Solon on the railway between Kalka and Simla, at the junction with the Sabathu.
[Page 133, line 7] Summer Hill on the road to Jutogh, North of Viceregal Lodge.
[Page 133, line 23] the Bikaneer breed Bikaneer (or Bikanir) was a State in the Rajputana Agency where carpets were made and the best riding-camels were bred. In Kipling's poem “The Last Suttee”, one of the titles of the dying King Udai Chand is "Lord of the Desert of Bikaneer".
Lockwood Kipling, in "Beast and Man in India" pp. 286/7) wrote: "By common consent the very best of the animals of the plain are considered to be those of Bikanir and Jessulmir, Rajput States on the edge of the Great Indian Desert." Friends called the Kipling’s house in Lahore 'Bikaner (sic) Lodge' as it stood in a bare compound like the desert, with no shrubs or trees as they thought undergrowth brought disease.
Kipling saw camels as curious and fascinating beasts. See “How the Camel Got His Hump” in Just So Stories , “Her Majesty’s Servants” in The Jungle Book, “Commissariat Camels“ in the poem “Parade-Song of the Camp-animals”, and the poem "Oonts".
[Page 133, line 27] foot-rest chair a comfortable chair with a footrest that slid out; it was made of woven cane that permitted air to circulate round the body, There were usually circular holes in the arm-rests to accommodate a tumbler. Mostly found on the verandah but there was also a timber version aboard steamers.
[Page 134, line 1] Rajputana the pre-1949 name of the present-day Indian state of Rajasthan, the largest in the Republic.
[Page 134, line 18] Twelve-bores a breech-loading sporting-gun, so called because the calibre of such weapons is determined by the weight of circular discs of different sizes but uniform thickness that go to the ounce, so a twelve-bore would take twelve such discs accurately fitting the barrel which would have a calibre of about seven-tenths of an inch. The kick is the recoil when a firearm is fired - unlikely to cause a cut to the nose. Kipling is being ironic and his readers would understand that the man had been in a fight with Peythroppe.
[Page 134, line 23] ‘ranker’ Castries had served in the ranks as a private soldier and used language to suit.
[Page 134, line 27] ‘peg’ in this instance, a measure of spirits – possibly from the Low German pigge – a peg in a drinking-vessel showing how far the customer may drink.
[Page 134, line 28] breach of promise breach of promise of marriage. This was grounds for a legal action for damages in England or Scotland, by man or woman, abolished by Parliament in 1970 as being inappropriate to modern social conditions.

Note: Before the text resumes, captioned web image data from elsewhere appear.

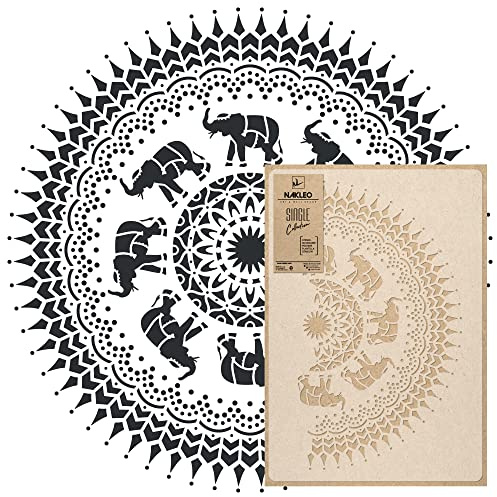 NAKLEO Mandala Große Malschablonen Durchmesser 59 cm - M, Elefantenkreis Geometrisches Ornament, Wiederverwendbare Kunststoff Wandschablone DIY Handwerk, Holz Möbel Boden Stoff
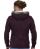 Red Bridge Mens Furry Knit Sweater with Hood Bordeaux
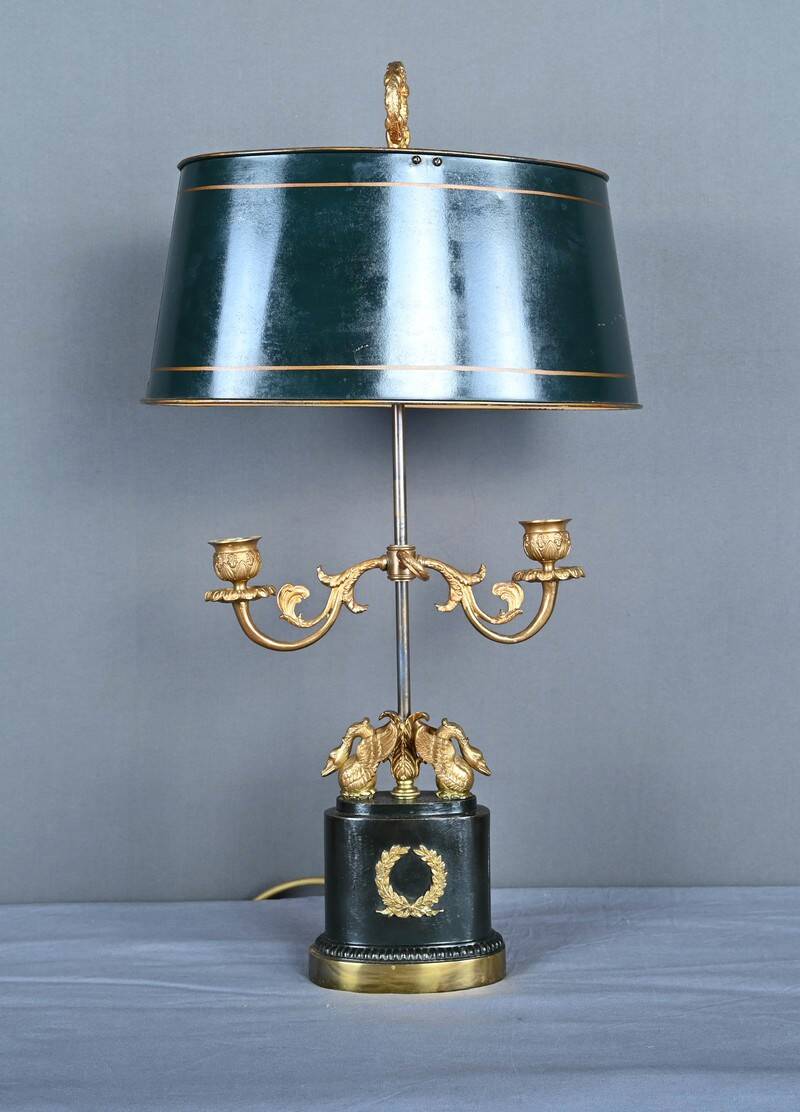 Gilded Bronze Bouillotte Lamp, Empire style, Napoléon III period – Mid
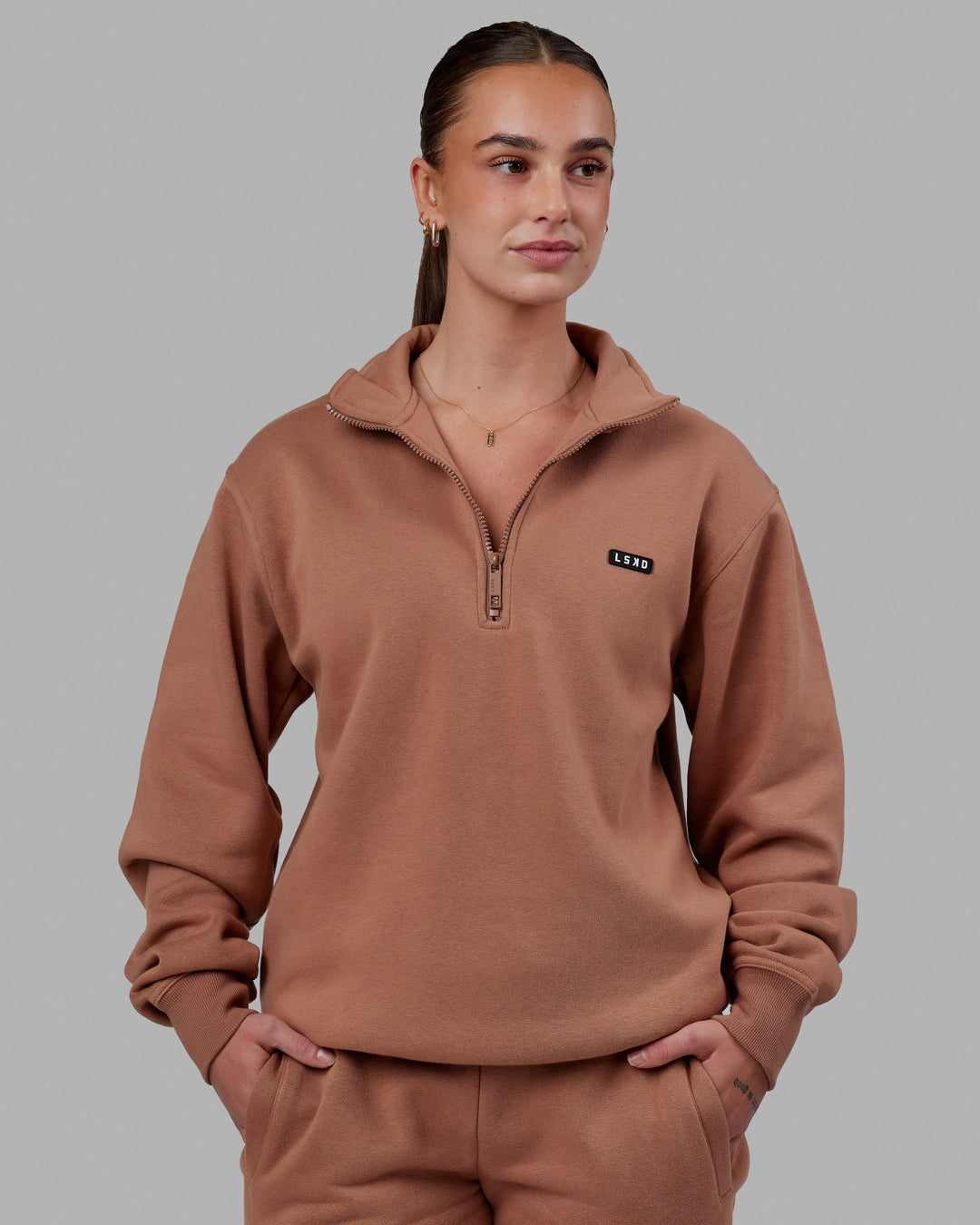 Unisex Fundamental 1/4 Zip Sweater - Raw Umber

[Page 134, line 29] a very good girl from here to the end of the story, Kipling’s irony verges on sarcasm but there is a grain of truth in what he says and he does open “Beyond the Pale” later in this volume, with the words "A man should, whatever happens, keep to his own caste, race and breed." His hero in that story disregards this advice, sound in its day, with tragic results.
[Page 135, line 9] Government House List The names and addresses of those invited to functions at Government House, a measure of one's socia; status. (see the verse “One Viceroy Resigns.”
[Page 135, line 16] fed like humans the official Manual on Animal Management says that camels like “at least six hours grazing every day, supplemented by a little barley or gram. Although they can do several days work without food, they “will do well enough if watered every other day.”